For those who have voted for 225 South Sixth in Minneapolis (currently the #2 vote-getter for skyscrapers in the 101-200 category.) 56 Stories, 775 feet/236.3 meters...


----------



## Lucky 24 (Aug 10, 2003)

Does Marina City count as cylindrical? If so, then they are by far my favorite.


----------



## DecoJim (Dec 6, 2005)

latennisguy said:


> kinda. but does Detroits have a 360 degree rotating bar at the top? I don't think so....(damn..i really hope it doesn't  )


Actually there was a restaurant called "The Summit" on the 71st or 72nd floor which I ate at once (good food but a bit pricy). The floor DID rotate 360 degrees providing views of the city, the Detroit River, and Windsor, Canada. This was before General Motors purchased the entire complex for only about 70 million dollars a few years ago. I do not know the current status of the top floors.

John Portman designed the building in 1976; I believe he also did the Atlanta and Los Angles buildings.


----------



## DecoJim (Dec 6, 2005)

The Poondude said:


> Detroit's renessiance building actually looks quite ugly. It looks nice in pictures, but if you've ever seen the building up close, it doesn't look nearly as good. It doesn't even look like glass, it looks like it's made of some kind of black metal. Also that whole area is very shabby as is most of Detroit.
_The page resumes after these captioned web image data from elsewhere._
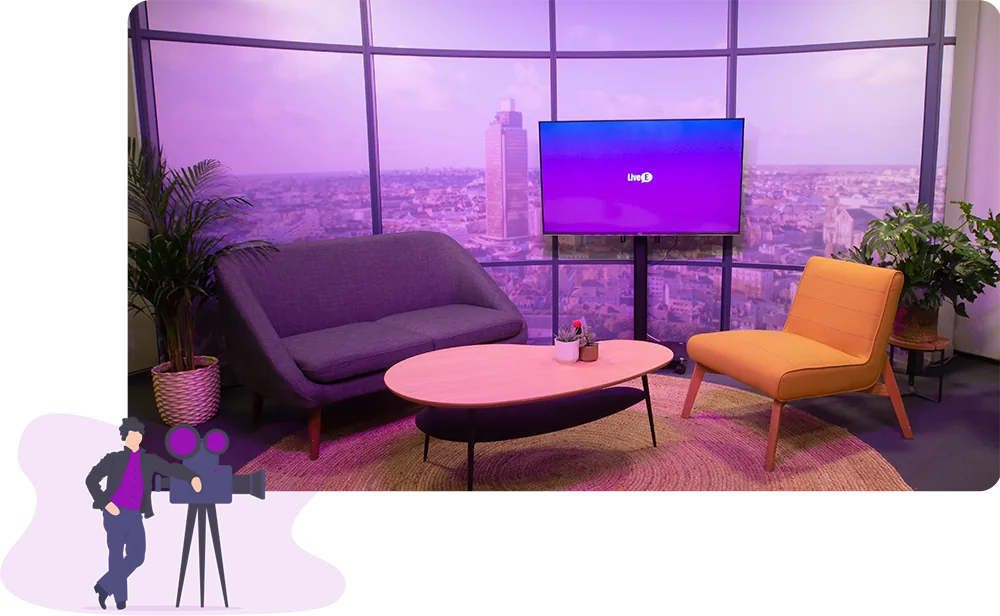 Aperçu du studio audiovisuel LiveE de Nantes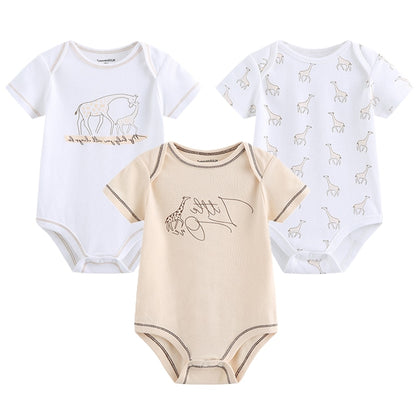 3 Pieces Baby Unisex Cotton Rompers/Jumpsuits childrensterritory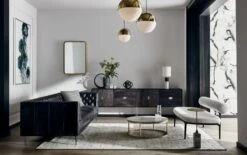 Estela Organic Cotton Black And White Throw Pillow With Feather-Down Insert 20" -Cb2 SavileTuftedSofaEstelaBlackJN20 1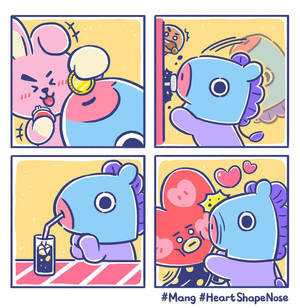 Mang Bt21 sarjakuva taustakuva — Galaxy Z Flip7 FE Taustakuvat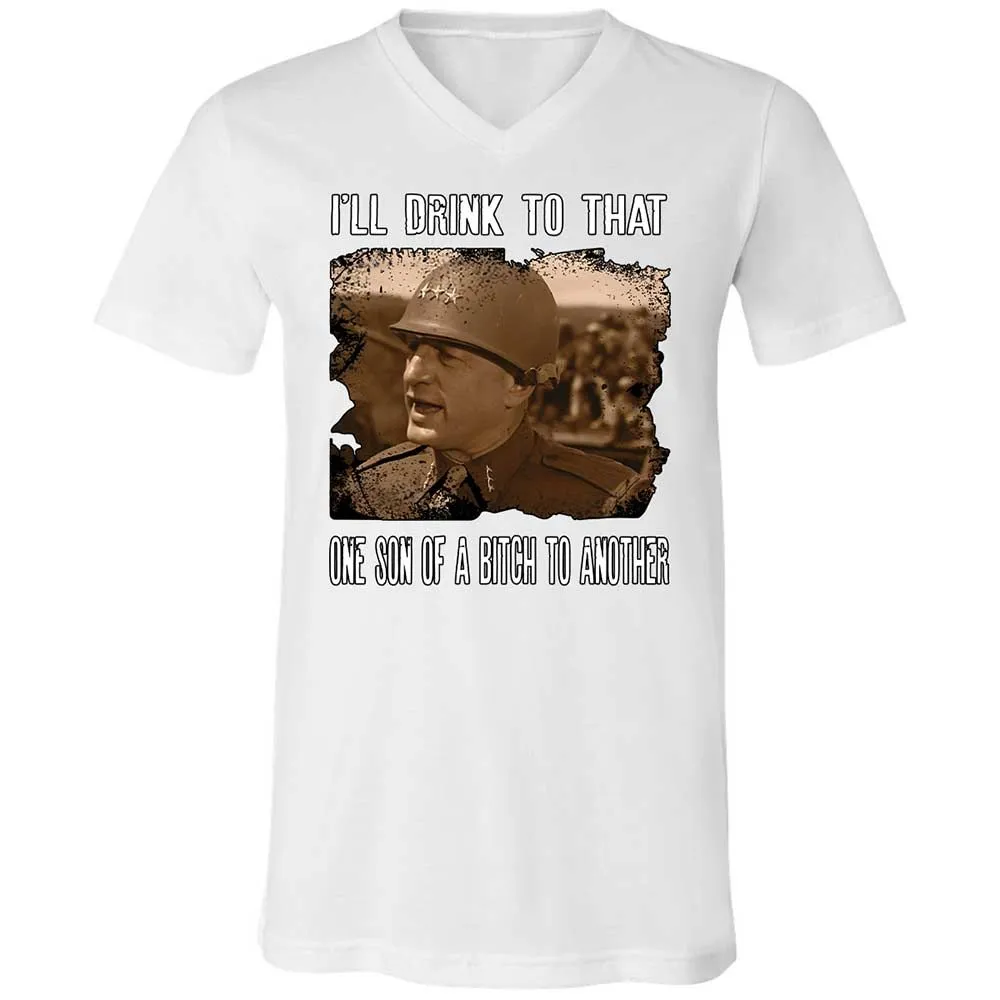 Unisex V-Neck T-Shirt - 4W4V21LE - White - 16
Yet another Detroit basher!
The Renaissance Center was purchased by GM a few years ago and was refurbished with a $500 million budget including $125 million for the cylindrical hotel. The fortress like berms were removed and the complex is now more street-friendly. In addition many of the nearby buildings have also been restored in the last 5-10 years. Of course, more work awaits it in the future before Detroit will fully recover from its past.


----------



## Manila-X (Jul 28, 2005)

Another one from Hong Kong, The Hopewell Centre.
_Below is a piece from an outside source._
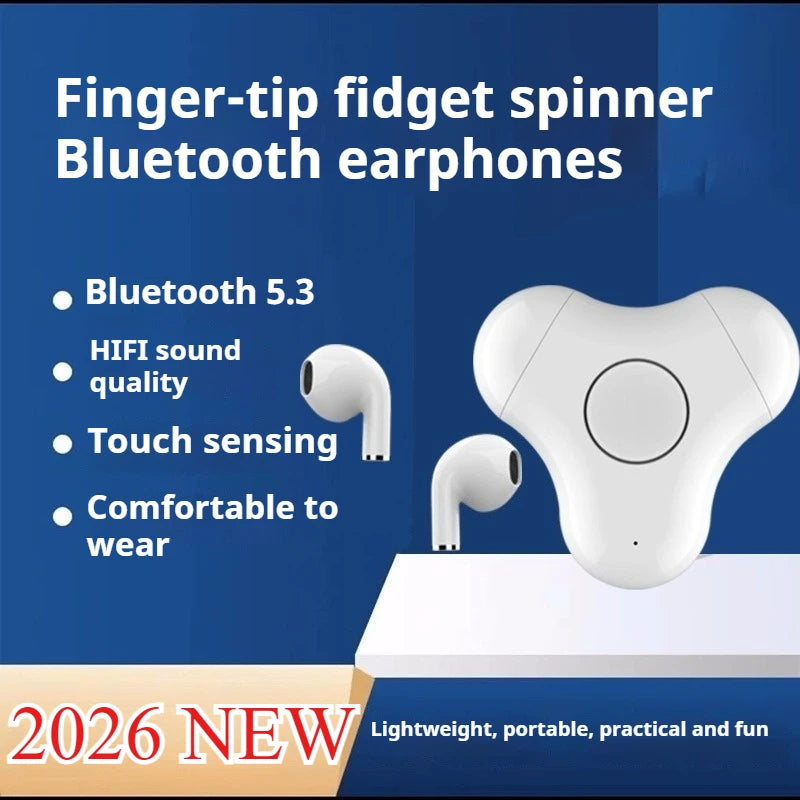 AI 144-Language Translator, Rotating Finger Grip Open-Ear Wireless Bluetooth Headset 2026 NEW AONEZ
This was the tallest in the city from 1980 to 1989 before the completion of Bank Of China

Hopewell Centre


----------



## Harkeb (Oct 12, 2004)

There's a residential tower in Johannesburg, which is one of the city's tallest buildings.


----------



## Manila-X (Jul 28, 2005)

harkerb said:


> There's a residential tower in Johannesburg, which is one of the city's tallest buildings.
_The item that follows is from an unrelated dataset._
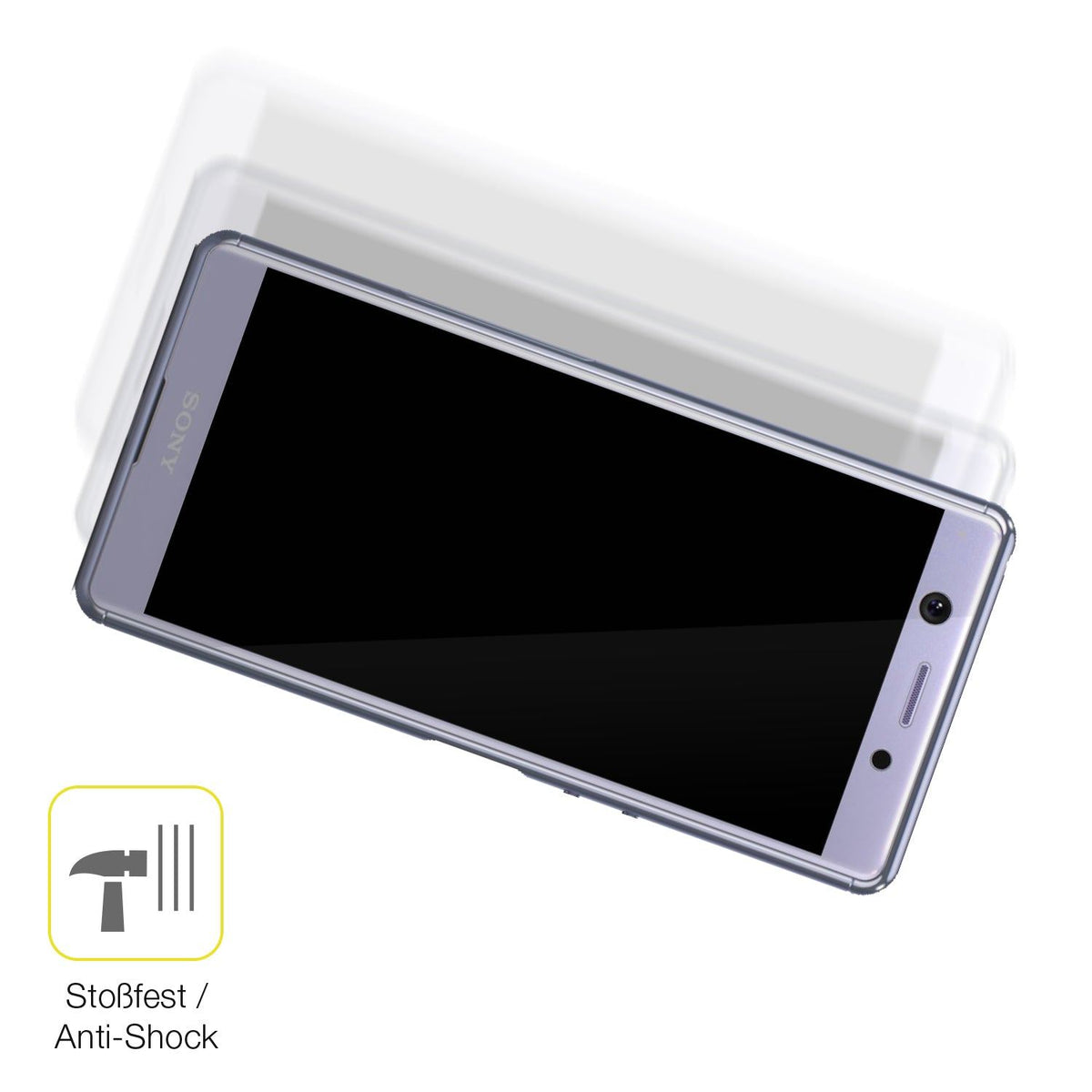 2x 3D Full Cover Schutzfolie für Sony Xperia Ace SO-02L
That's The Ponte City apartments which is the tallest residential building in the African continent! It's also one of the most controversial as well!


----------



## argory (Jan 22, 2004)

What about this beauty ~ The Sabah Foundation Building in Kota Kinabalu, Sabah, Malaysia.


----------



## Manila-X (Jul 28, 2005)

argory said:


> What about this beauty ~ The Sabah Foundation Building in Kota Kinabalu, Sabah, Malaysia.


It reminds me of The Rennaisance Centre in Detroit! I really don't find it amusing except the lower part of the building!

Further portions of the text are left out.